**WHAT YOU SHOULD DO**
Every line from the top of the records through the line containing "Thank you for" should be retyped exactly; the pictures should not.

━━ GIVEN ENTRIES ━━

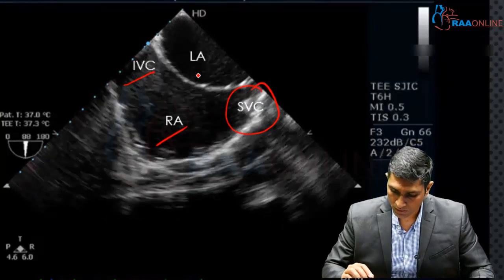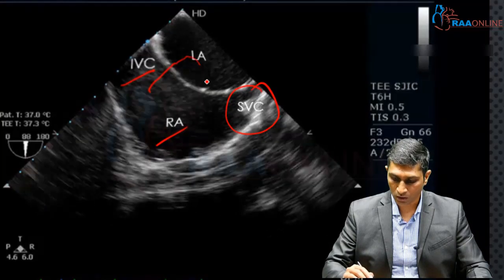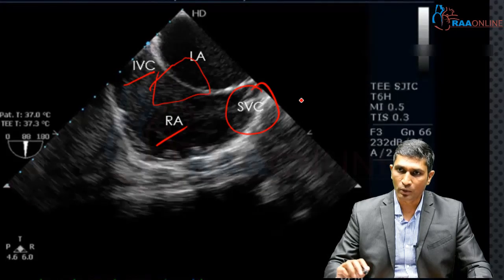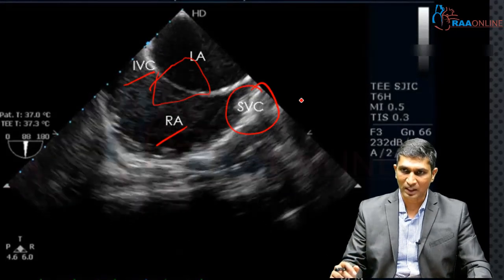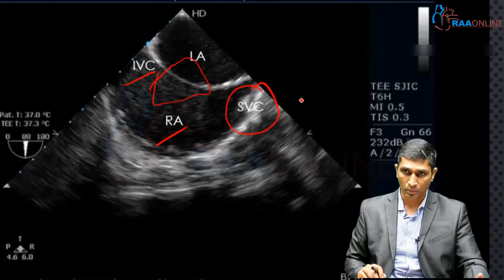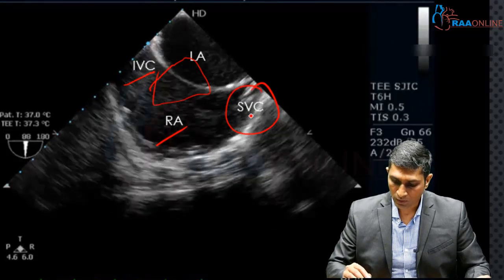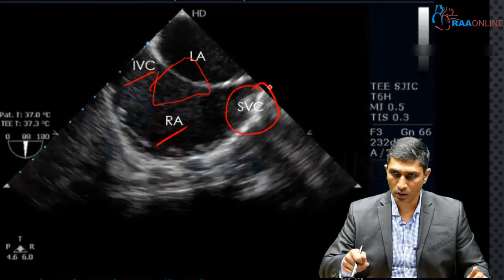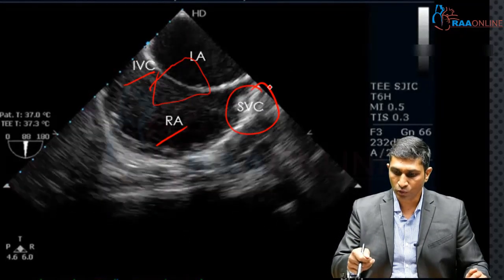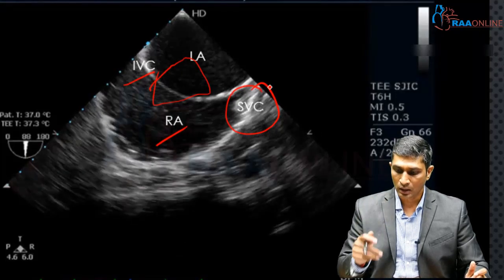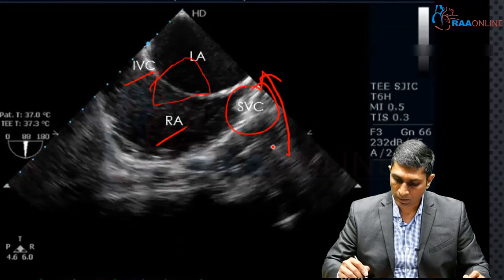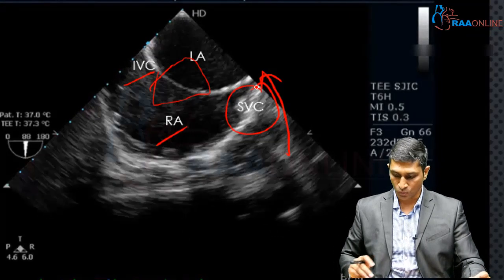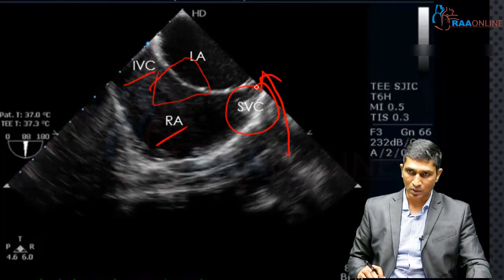For atrial septal defects, Doppler interrogation across the interatrial septum with the Nyquist limit decreased to around 20 will visualize the patent foramen ovale or any ASDs — ostium secundum ASDs can be visualized here. When you want to visualize more of the SVC, you withdraw the probe because the SVC is more cranial. Sinus venosus ASDs draining into the SVC are also best visualized from this view.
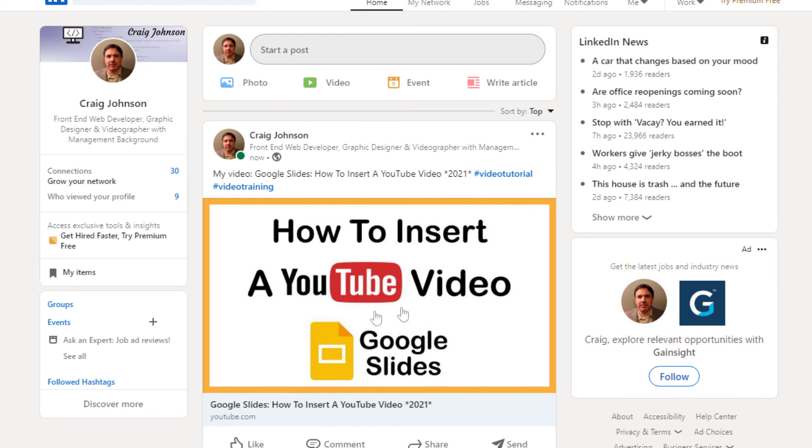And right there is my video. That's how you post a YouTube video to LinkedIn. Thanks for watching.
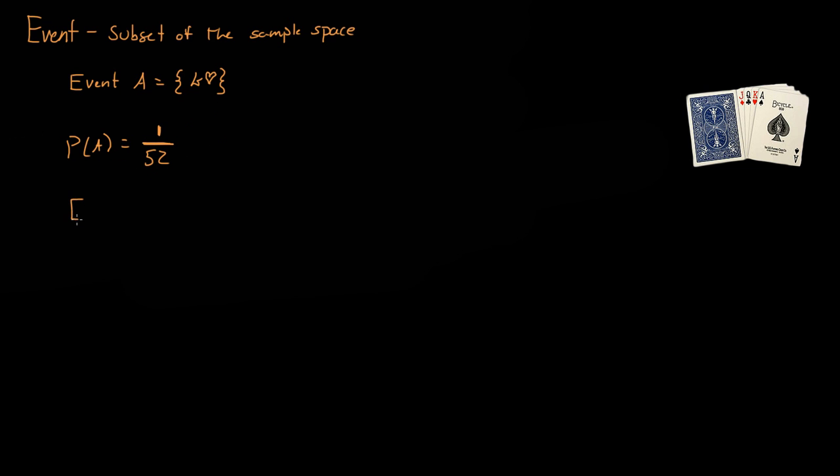Now let's say we have event B, and we'll say event B is just getting maybe a diamond of any kind. A diamond could be the ace of diamonds, the king of diamonds, any card that has a diamond on it.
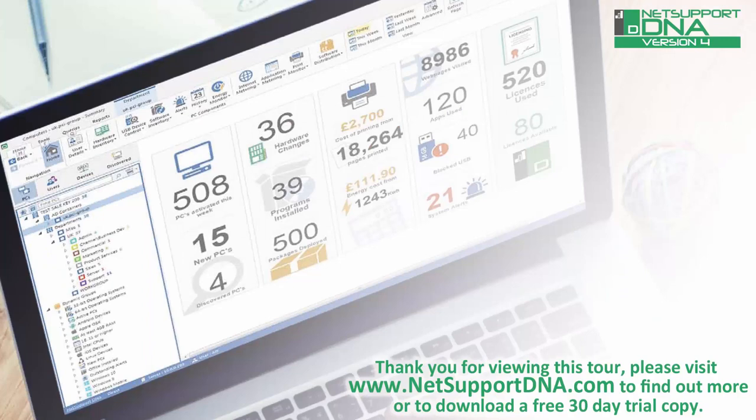Thank you for viewing this tour. Please visit www.netsupportdna.com to find out more, or if appropriate, download a free 30-day trial.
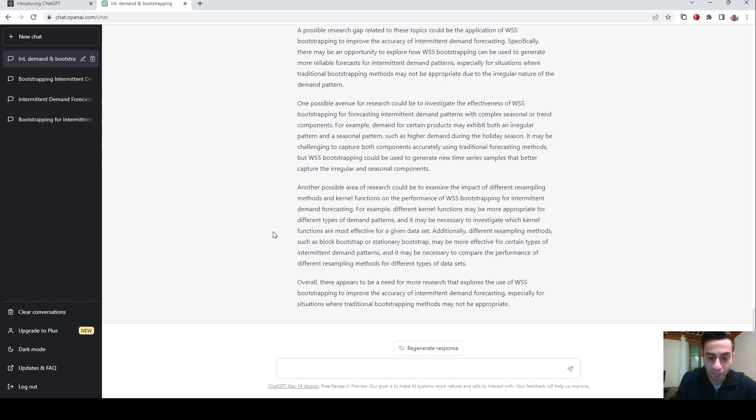I think we can now discuss the results. They are quite interesting because ChatGPT is giving some detailed answers about the two subjects — intermittent demand forecasting and different bootstrapping methods. In my opinion, it's worth using ChatGPT for finding a research gap, but you should not fully trust it. It's worth considering ChatGPT while doing research because the answers are quite detailed and thought-provoking. It could be a really great tool for brainstorming.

━━━

**EXERCISE SOLUTION**
For atrial septal defects, Doppler interrogation across the interatrial septum with the Nyquist limit decreased to around 20 will visualize the patent foramen ovale or any ASDs — ostium secundum ASDs can be visualized here. When you want to visualize more of the SVC, you withdraw the probe because the SVC is more cranial. Sinus venosus ASDs draining into the SVC are also best visualized from this view.
And right there is my video. That's how you post a YouTube video to LinkedIn. Thanks for watching.
Now let's say we have event B, and we'll say event B is just getting maybe a diamond of any kind. A diamond could be the ace of diamonds, the king of diamonds, any card that has a diamond on it.
Thank you for viewing this tour. Please visit www.netsupportdna.com to find out more, or if appropriate, download a free 30-day trial.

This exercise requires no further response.